NBC U's Telemundo pacts with Atresmedia; Mexican giant Televisa, with Mediaset Espana
MADRID — Latino telenovelas are again catching the attention of Spain’s top private TV broadcasters, unleashing a new sprint for product deals with leading international suppliers.
Move comes after telenovelas had progressively disappeared from the schedules of Spain’s main TV webs to find shelter on Spain’s multi-channel DTT pltatforms.
A key driver for the sep-up in competition among broadcasters is the success of media conglom Atresmedia’s women-skewed free-to-air TV channel Nova.

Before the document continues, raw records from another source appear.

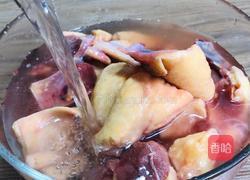 黄瓜焖豚肉的做法图解1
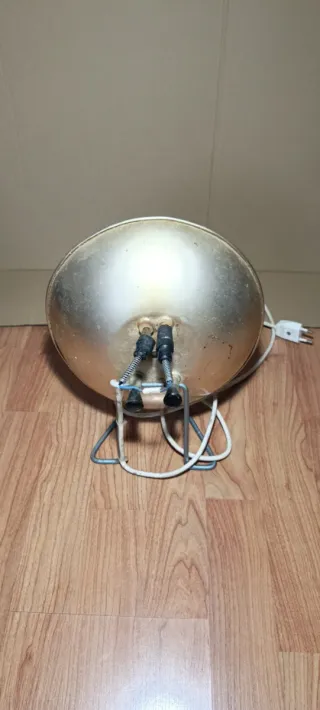 Estufa radiador dorada vintage,retro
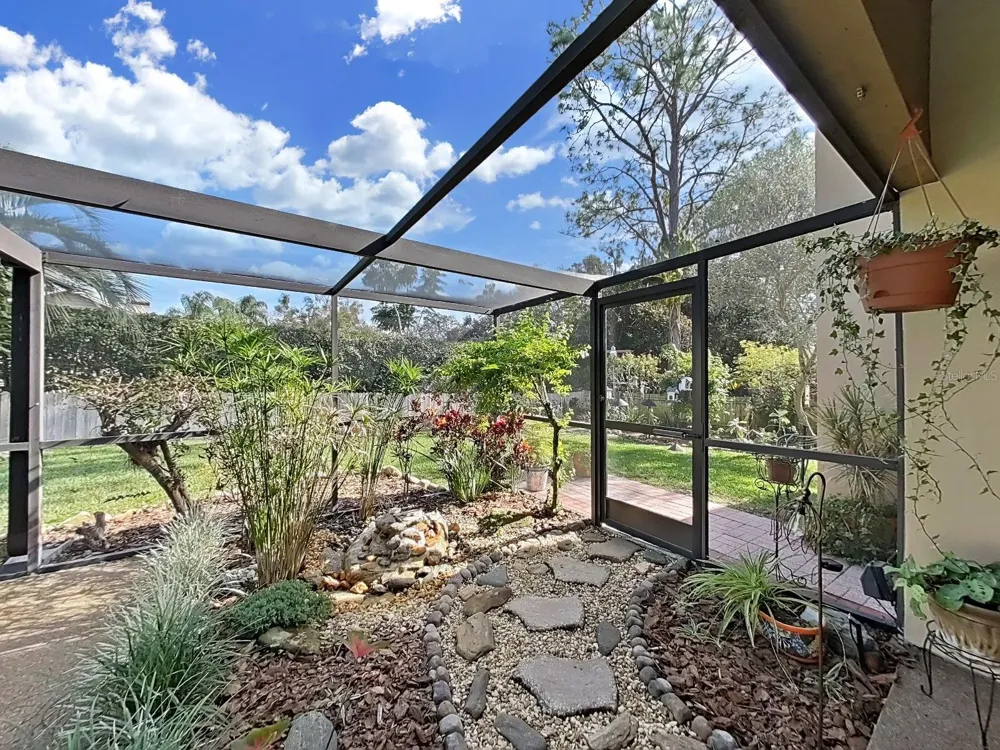 305 RUNNING HORSE ROAD Seffner, FL 33584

On Feb. 3, Atresmedia’s main rival, Mediaset Espana, owned by Silvio Berlusconi’s Mediaset, reacted to Nova’s results unveiling a three-year strategic deal with Televisa – once a significant Atresmedia provider – to feed its TV service La Siete, which re-launches Friday as a telenovela-focused offer.

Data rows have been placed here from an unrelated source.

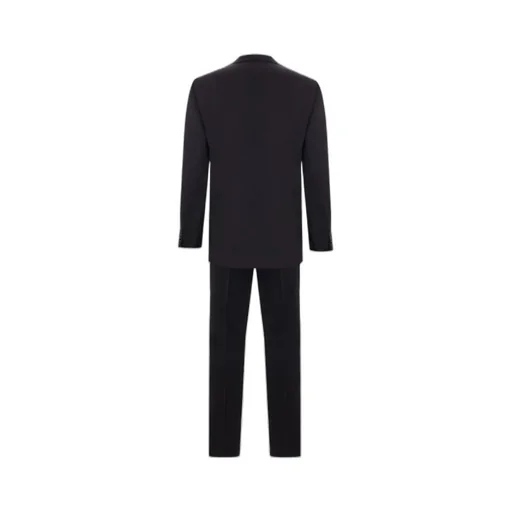 Long-Sleeved Suit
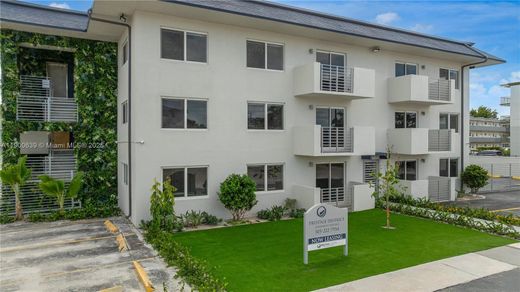 ‏בניין ב  North Miami, Miami-Dade County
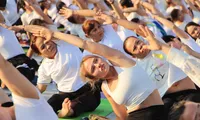 Hơn 1.000 người đồng diễn yoga bên bờ biển Nha Trang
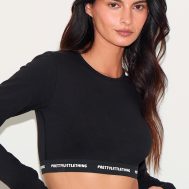 7e376f369e867765b9bff5b06aeff66952169ea0_CNK2319_4_prettylittlething_tape_black_long_sleeve_pj_top-1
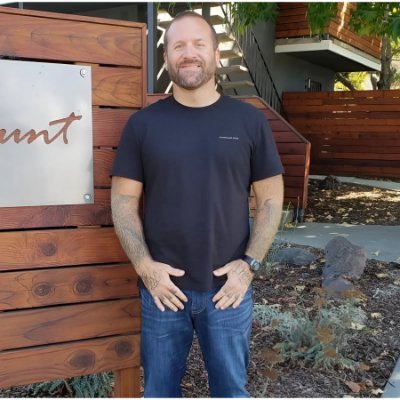 building better future and helping others do the same | CEO @Acquiredfininacing.com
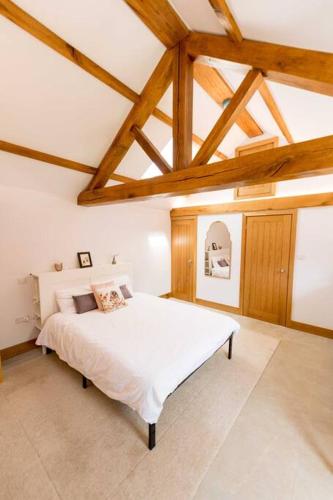 Una cama o camas en una habitación de Peaceful Hideaway in South Downs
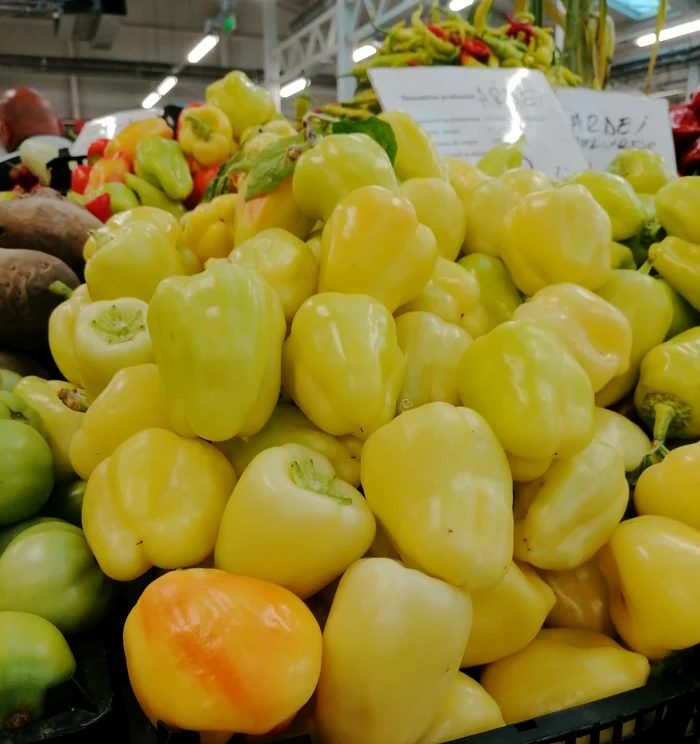 Munți de legume pe tarabe FOTO Ionela Stănilă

For its part, Atresmedia strengthened links with Telemundo, announcing Jan. 30 an exclusive, strategic multi-year commitment to guarantee Telemundo’s new telenovelas plus catalogue titles airtime in Spain via Nova.
Launched 2005 by DeAPlaneta’s Atresmedia, Nova has consolidated as the leading offer for Spain’s femme-orientated DTT services. Net averaged a record 2.1% audience share in 2013, clearly surpassing rival Mediaset Espana’s Divinity (1.7%), La Siete (1.2%) and Nueve (0.7%).

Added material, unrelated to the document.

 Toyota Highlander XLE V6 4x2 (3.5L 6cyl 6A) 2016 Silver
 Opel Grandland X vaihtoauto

Broadcast Jan. 24 in Nova’s prime-time, the last episode of Telemundo’s “The Return” scored a boffo 4.2% share and 793,000 viewers.Still airing, “Maid in Manhattan,” another Telemundo’s telenovela, has cumed an around-3% share on Nova.
“There’s a high demand for telenovelas from our viewers and they generate a very loyal audience,” said Jose Antonio Anton, Atresmedia’s programming, thematic channels director.
Re-designing La Siete, Mediaset aims to complement audience target reached by its channel bouquet, covering all women demos. It will target 18 to 35 year-olds with contempo, mould-breaking telenovelas; air thrillers and action novelas for 25-45s, plus classic productions for 45s-upwards.
“For some time now, we’ve entertained the idea of filling a gap in our TV offer,” said Manuel Villanueva, Mediaset Espana’s Contents general director.
The Televisa-Mediaset pact combines new bows such as “Love Rules,” “The Storm,” “Lie So You Can Live” with recent hits like “The Stepmother” and “Teresa.”
In a market whose TV ad spend has fallen 53% to €1.65 million ($2.3 billion) since its pre-crisis 2007 peak, every move has to be analyzed in economic terms. “Telenovelas represent a very effective product at a very reasonable price,” argued a Madrid-based TV expert.